The Vikings were chieftain-led clans who believed the world was filled with powerful mythological gods and spirits. Thor and Odin, the gods of war and death, influenced their raids, warfare and violence. Viking chieftains led warriors to do battle abroad in order to prove their bravery and please their war-gods. Poets composed sagas about the exploits of these chieftains, keeping their memories alive. The Norse people loved to tell stories of magic and monsters around the fire.
Vikings didn’t record history on paper but instead carved historic events on rocks using rocks known as rune stones using an alphabet based on Germanic runic script. Much of what is known about the Vikings is found on these inscriptions on stones across Scandinavia.
Shipbuilders & Explorers
Vikings were excellent shipbuilders and sailors. The high tech design of Viking long ships and trading vessels made them suitable as large ocean-going warships as well as capable of sailing up rivers, fjords and onto beaches.

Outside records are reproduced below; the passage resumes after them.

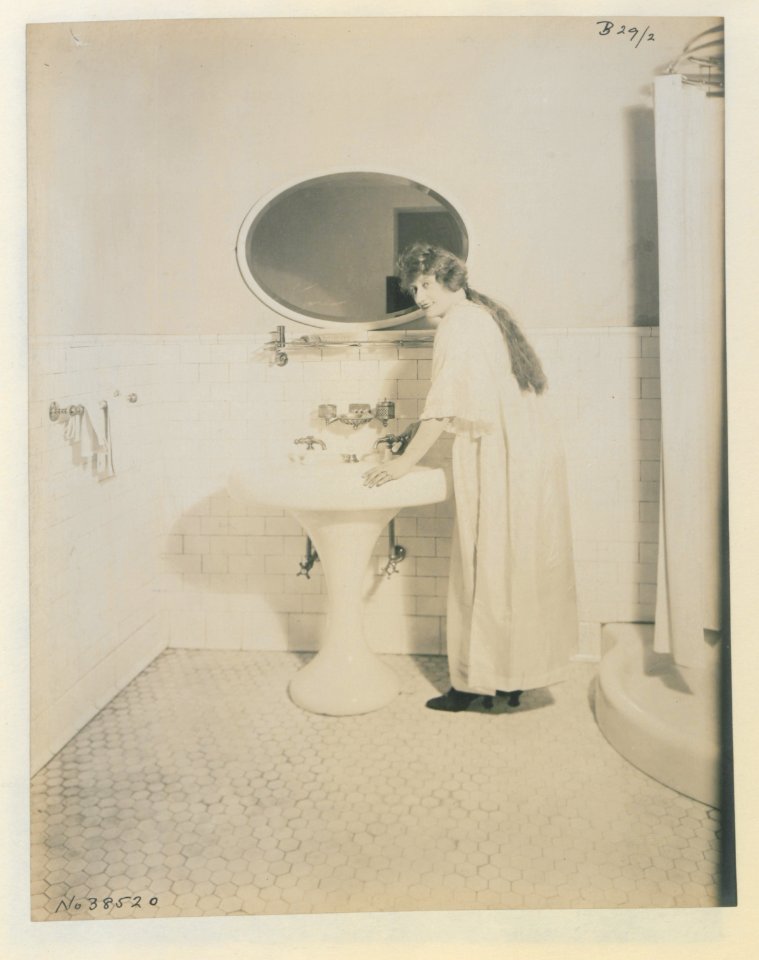 Living model in plumbing fixtures Photo M (HS85-10-38520) original
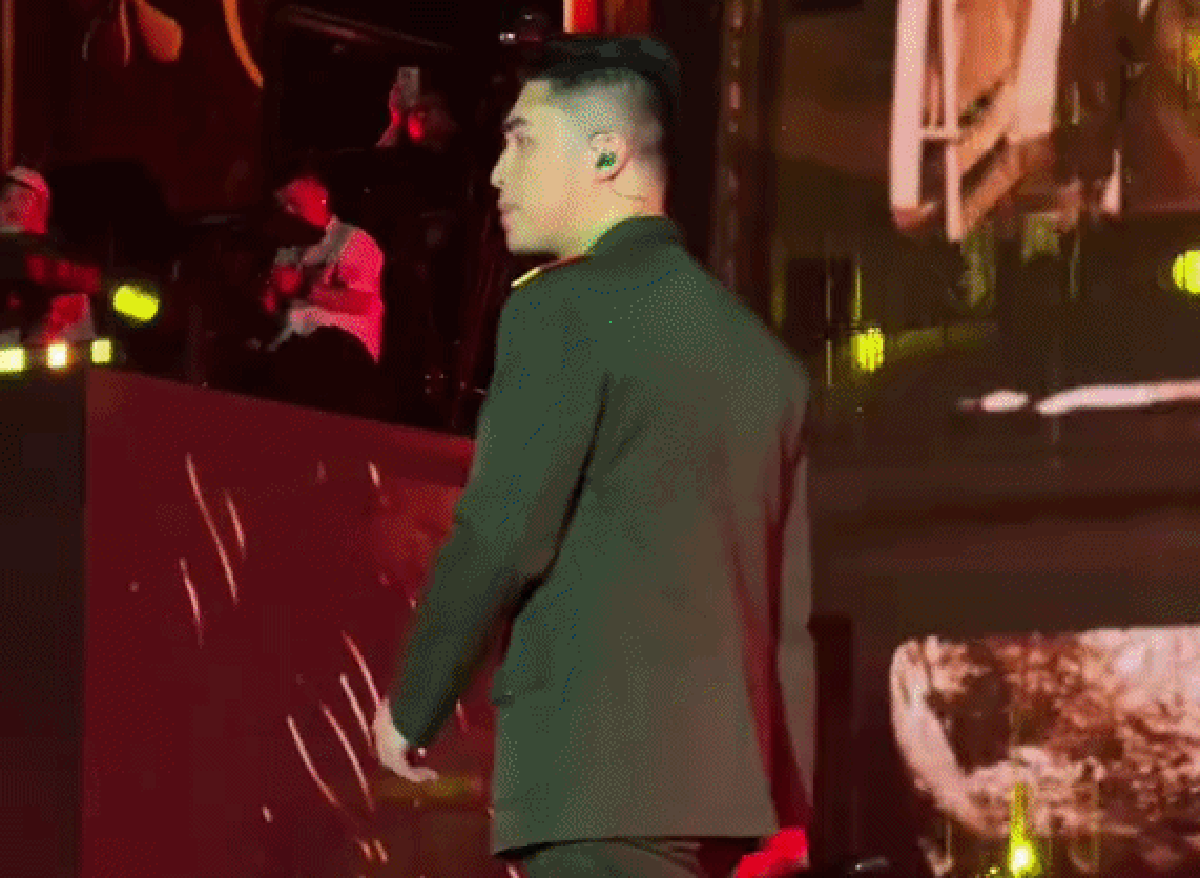 “Hoàng tử nhạc suy” Việt Nam: Tốt nghiệp Học viện Khoa học Quân sự Hà Nội, từng dạy tại trường Sĩ quan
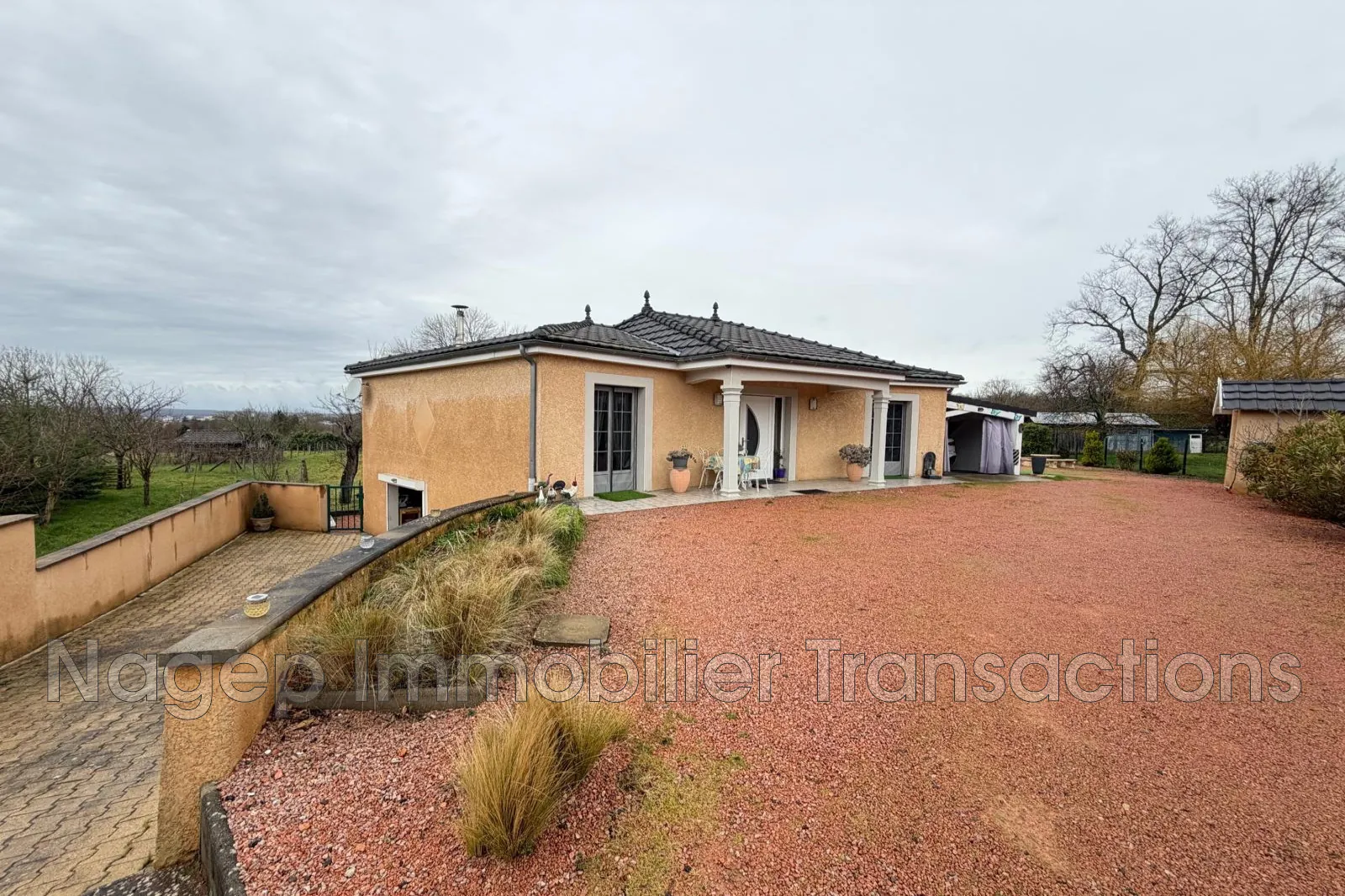 Vente maison 95 m² avec piscine et jacuzzi à Cusset - Proche Vichy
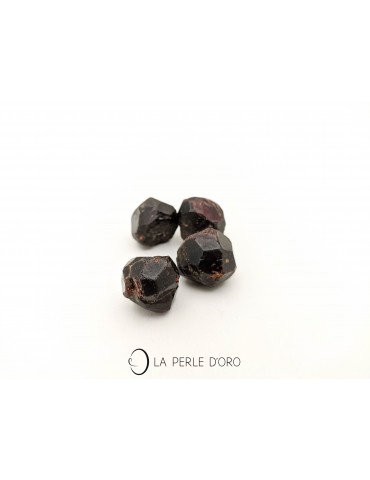 Almandine Garnet Pebbles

They traveled trade routes throughout Europe, Russia and Turkey, as well as sailed across the Atlantic to explore and actually discovered Greenland and North America. During their explorations, Vikings raided and pillaged, but also engaged in trade, settled wide-ranging colonies, and acted as mercenaries.
Farmers & Traders
When they weren’t “going Viking”, they worked as farmers, fishermen, skilled craftsmen and traders. They lived in small villages made up of 5-6 farms. It was customary for multiple generations of a Viking family to live together in one dwelling. There were two types of homes, longhouses, which resembled an upside down ship, and pit houses, (grubehus in Danish) a simple small house partially dug into the ground. Roofs made of turf (earth with grass) helped keep in the heat. Pit houses also served as workshops for trade (weaving and textile making, smithing) and storing food.

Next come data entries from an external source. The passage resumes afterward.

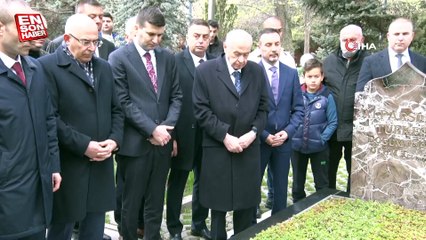 Devlet Bahçeli'den Alparslan Türkeş'in kabrine ziyaret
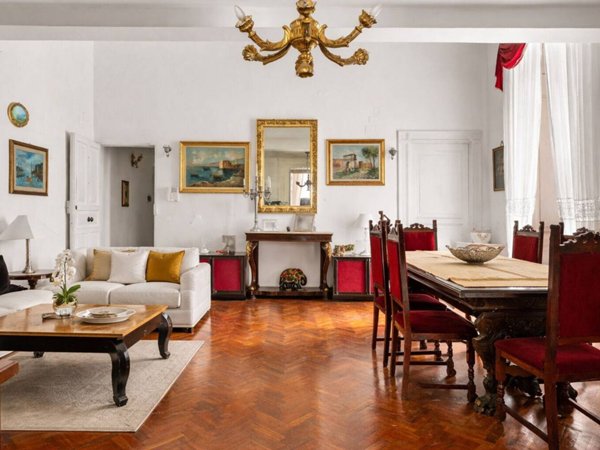 appartamento in vendita a Napoli in zona Stella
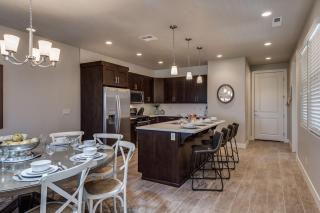 Paradise VIllage 72Fire Pit, Private Hot Tub, Xbox, Pink Pong, Community Amenities - Santa Clara - 2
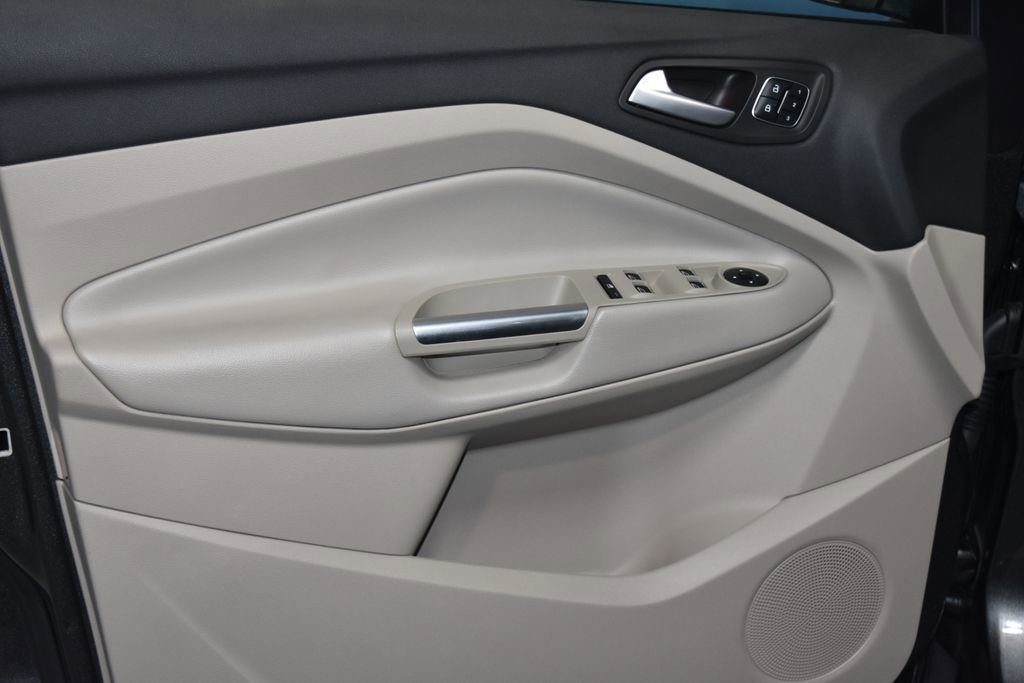 2017 Ford Escape Titanium Sport photo 3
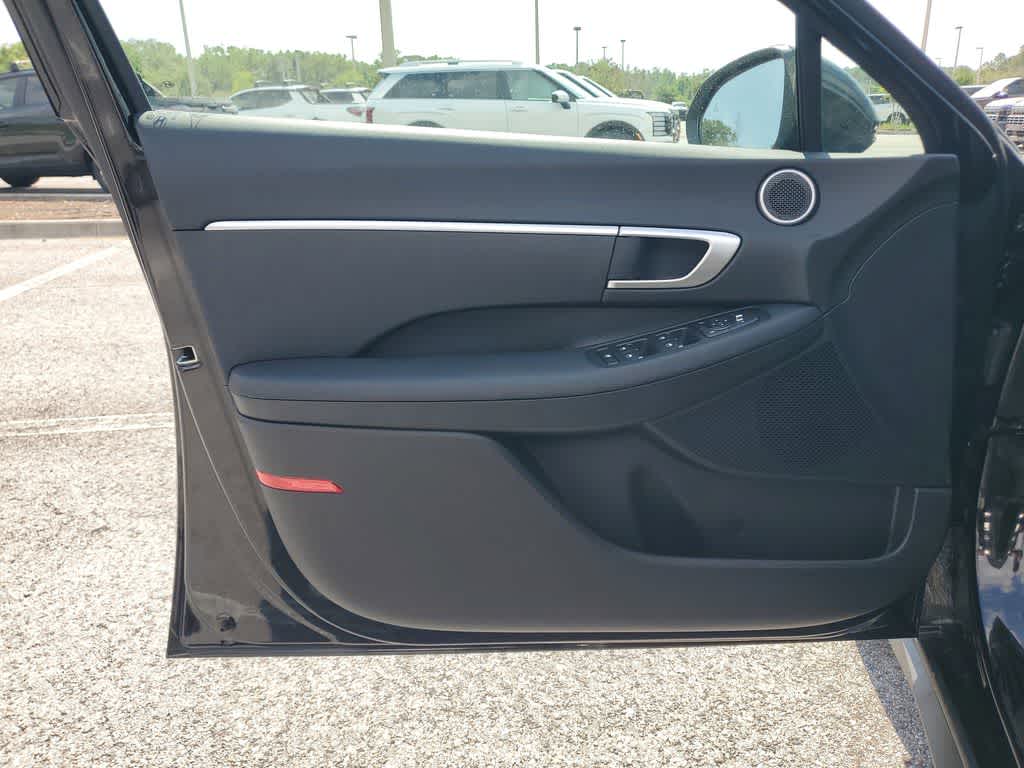 Thumbnail: 2026 Hyundai Sonata - 17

The farmers kept animals and grew crops. Skilled craft workers included blacksmiths, armorers, brewers, merchants, weavers, musicians, carpenters, jewelers and more. They made beautiful metalwork, wooden carvings, jewelry and woven textiles to trade. They bought goods and materials such as silver, silk, spices, wine, jewelry, glass and pottery to bring home.
Warriors & Raiders
Nothing in their Norse beliefs related to Christian beliefs. So once the Scandinavians had mastered shipbuilding and began to “go Viking,” they did not think twice about raiding a Christian monastery.
An attack on the monastery at Lindisfarne in Britain in 793CD marked the beginning of fierce conflict between the Anglo-Saxons and Vikings. During the raid, they murdered every monk they found and carried off everything of value including treasures like gold, jewels and books as well as food, drink, cattle, clothes and tools.
With no navy guarding the coast and finding the monasteries unarmed, it was easy for small groups of Vikings to land on a beach or sail up a river. But it was not long before larger Viking armies attacked Britain.
Christians in Europe were totally unprepared for the Viking invasions. With no understanding of the Norse beliefs, the Christians couldn’t understand why the Vikings arrived and forced them to endure such suffering except for the “Wrath of God.”
The demonized perception of the Vikings that persisted for the next twelve centuries was based on the writings of the monks and others who were victimized by their attacks.
It wasn’t until the 1890s that scholars outside Scandinavia begin to seriously reassess the achievements of the Vikings, recognizing their artistry, technological skills, and seamanship. The settlement of wide-ranging colonies and conversion to Christianity allowed the Norse culture to expand its influence throughout Europe and North America.